Segment Start: Input data
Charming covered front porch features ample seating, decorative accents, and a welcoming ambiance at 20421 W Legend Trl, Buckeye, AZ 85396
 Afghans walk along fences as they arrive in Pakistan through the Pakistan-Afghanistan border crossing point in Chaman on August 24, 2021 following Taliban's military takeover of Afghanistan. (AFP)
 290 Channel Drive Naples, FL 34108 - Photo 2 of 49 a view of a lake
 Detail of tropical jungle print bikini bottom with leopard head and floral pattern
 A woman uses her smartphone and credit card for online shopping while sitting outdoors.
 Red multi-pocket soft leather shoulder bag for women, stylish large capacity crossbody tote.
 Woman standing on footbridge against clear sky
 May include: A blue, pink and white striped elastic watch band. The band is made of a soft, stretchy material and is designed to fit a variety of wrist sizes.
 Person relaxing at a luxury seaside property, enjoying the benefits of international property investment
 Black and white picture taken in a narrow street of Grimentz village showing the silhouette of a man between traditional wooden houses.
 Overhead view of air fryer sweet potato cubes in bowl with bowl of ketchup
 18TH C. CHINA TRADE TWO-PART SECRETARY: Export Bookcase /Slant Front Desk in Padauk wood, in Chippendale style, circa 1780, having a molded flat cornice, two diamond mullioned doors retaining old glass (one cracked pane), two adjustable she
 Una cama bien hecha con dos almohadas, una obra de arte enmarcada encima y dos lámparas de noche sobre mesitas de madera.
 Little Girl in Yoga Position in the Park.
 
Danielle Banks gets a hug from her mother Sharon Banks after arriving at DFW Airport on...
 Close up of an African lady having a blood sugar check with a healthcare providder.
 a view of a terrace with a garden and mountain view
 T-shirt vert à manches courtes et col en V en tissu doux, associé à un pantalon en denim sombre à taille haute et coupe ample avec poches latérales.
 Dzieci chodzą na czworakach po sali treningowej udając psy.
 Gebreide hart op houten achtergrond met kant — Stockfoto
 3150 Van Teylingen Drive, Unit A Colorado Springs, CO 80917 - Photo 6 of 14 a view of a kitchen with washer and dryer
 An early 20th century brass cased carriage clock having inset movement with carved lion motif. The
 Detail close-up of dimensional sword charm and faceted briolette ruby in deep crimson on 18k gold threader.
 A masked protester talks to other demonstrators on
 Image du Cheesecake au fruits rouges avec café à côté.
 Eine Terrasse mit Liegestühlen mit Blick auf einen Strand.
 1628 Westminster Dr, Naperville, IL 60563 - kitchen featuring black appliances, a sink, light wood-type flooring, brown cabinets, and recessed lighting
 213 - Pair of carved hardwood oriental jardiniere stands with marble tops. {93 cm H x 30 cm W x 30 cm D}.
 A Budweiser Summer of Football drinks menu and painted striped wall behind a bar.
Segment End: Input data
# Task description
Write out the records exactly, starting at the first line and stopping after the line that contains "May include: A".

# Task answer
Charming covered front porch features ample seating, decorative accents, and a welcoming ambiance at 20421 W Legend Trl, Buckeye, AZ 85396
 Afghans walk along fences as they arrive in Pakistan through the Pakistan-Afghanistan border crossing point in Chaman on August 24, 2021 following Taliban's military takeover of Afghanistan. (AFP)
 290 Channel Drive Naples, FL 34108 - Photo 2 of 49 a view of a lake
 Detail of tropical jungle print bikini bottom with leopard head and floral pattern
 A woman uses her smartphone and credit card for online shopping while sitting outdoors.
 Red multi-pocket soft leather shoulder bag for women, stylish large capacity crossbody tote.
 Woman standing on footbridge against clear sky
 May include: A blue, pink and white striped elastic watch band. The band is made of a soft, stretchy material and is designed to fit a variety of wrist sizes.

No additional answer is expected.